Stamped with a Republican elephant, the inert projectiles came with a letter in which Mills said: “It is my pleasure to give you a 40mm grenade, made for a Mk19 grenade launcher. They are manufactured in the Sunshine State and first developed in the Vietnam war.
“Let’s come together and get to work on behalf of our constituents.”
As pictures of the grenades spread online, a spokesman for Mills told the Washington Post: “Per the letter, the grenades are inert, and were cleared through all security metrics. I just wish they tagged our official account.”
The comparison to Santos was made by congressman Jim Himes of Connecticut, a member of the House intelligence committee.
Mills, 42 and a veteran of Iraq and Afghanistan, won the contest to succeed the Democrat Stephanie Murphy in Florida’s seventh district last year.

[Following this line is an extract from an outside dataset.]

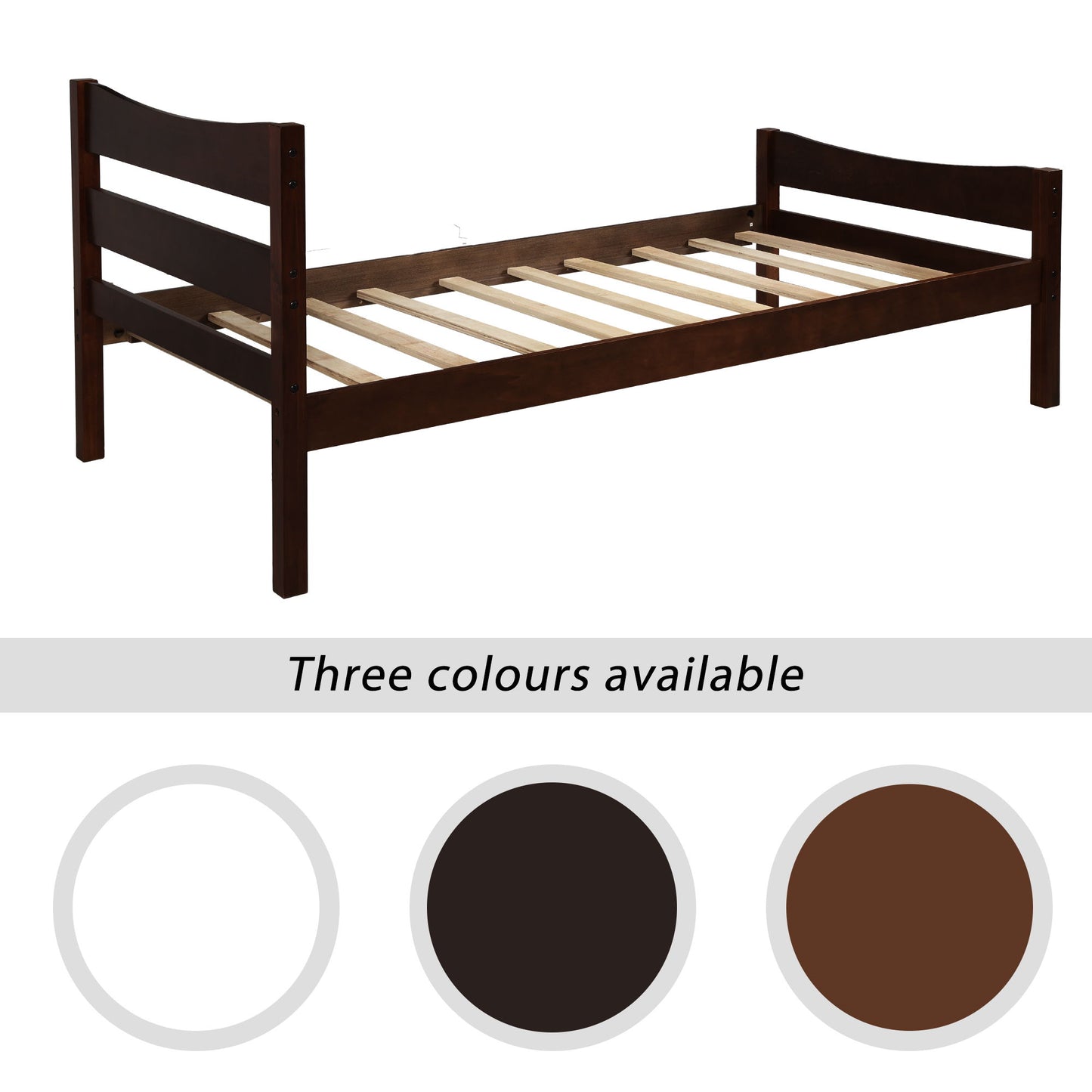 Twin Size Platform Bed With Headboard And Slat Support - Espresso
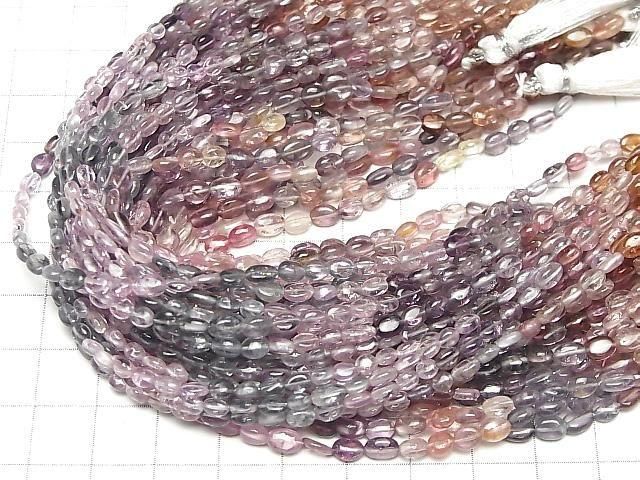 Hochwertiger Mehrfarbiger Spinell AAA- Nugget -Oval halb oder 1 Strang Perlen (ca. 7 Zoll/18 cm)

Murphy was a member of the House January 6 committee. Mills is endorsed by the man who incited that deadly insurrection, Donald Trump, and supports Trump’s lie that Joe Biden won the 2020 election thanks to electoral fraud.
A defense and security contractor before entering Congress, he has boasted about selling teargas used against protesters for racial justice.
Weapons are banned in Congress and subject to strict restrictions in Washington DC. There is, however, an exception for members, under federal law.
A spokesman for Mills told Florida media “Capitol police even escorted staff into the building” as they carried the grenades.
After January 6, amid fears of congressional violence unmatched since the years before the civil war, metal detectors were installed outside the House chamber.
Republicans chafed at the security measure. Andy Harris of Maryland was found to be carrying a gun near the House chamber.
In 2020 a Republican from Colorado, Ken Buck, made waves when he said advocates of an assault weapons ban would have to forcibly remove an AR-15-style rifle he kept in his Washington office.
Buck’s hardline posturing was undercut, however, when reporters dug up a 2015 interview in which he described the bureaucratic hoops he jumped through to have the gun in his office.
“I went to the ethics committee,” he told the Post, “I got permission to accept the gift. I went to Capitol Hill police; I got permission to bring it into my office.
“They went to the DC police; they got permission for me to transport it into the District [of Columbia]. I went to [the Transportation Security Administration], and followed all of the regulations in getting it on to the plane and getting it here.”
The brightly painted rifle was unloaded and carried a trigger lock, even though it lacked a bolt carrier assembly and thus could not be fired.
“Putting a trigger lock on an inoperable gun is like putting a chastity belt on a eunuch,” Buck said. “The only dangerous thing about that gun is if someone took it off the wall and hit somebody else over the head with it.”